THE DATA |
┌──

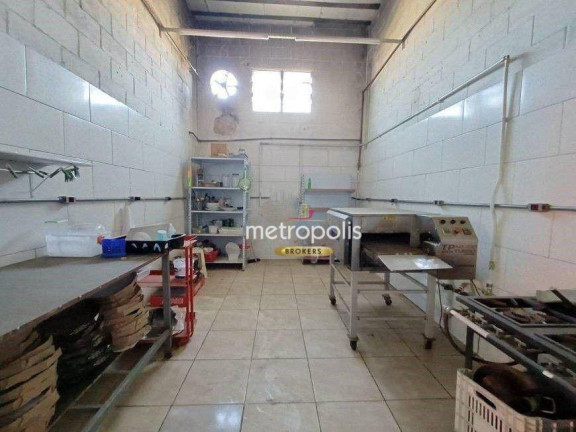 Imagem Galpão à Venda ou Locação, 580 m² em Centro - São Vicente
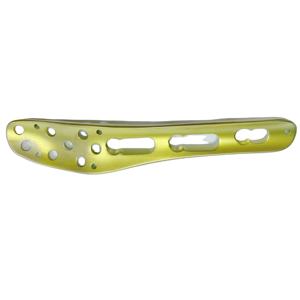 Kit d'instruments vétérinaires orthopédiques manuels pour la pliage de petites plaques osseuses en acier inoxydable de haute qualité Classe I Garantie 1 an - Product Image 1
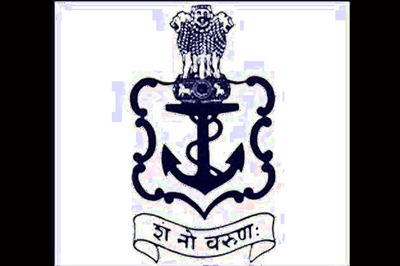 Navy helicopter crashes near Vizag, two personnel missing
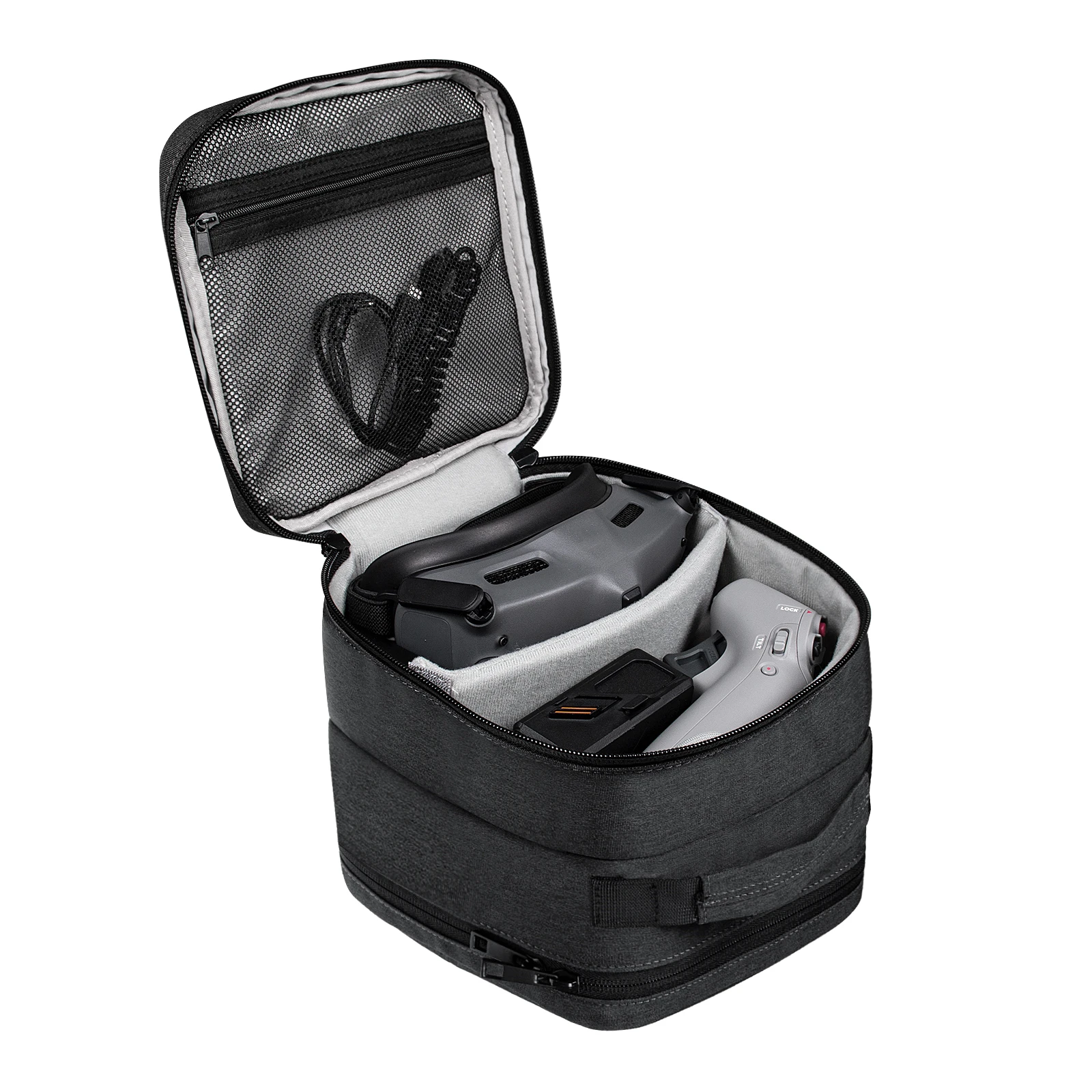 DJI Avata360/2 대용량 드론 액세서리용 가볍고 휴대 가능한 운반 가방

└──

In the data above, find the line with "Navy helicopter crashes" and repeat it and every line after it through the end, exactly; leave the pictures out.

EXERCISE RESULT |
 Navy helicopter crashes near Vizag, two personnel missing
 DJI Avata360/2 대용량 드론 액세서리용 가볍고 휴대 가능한 운반 가방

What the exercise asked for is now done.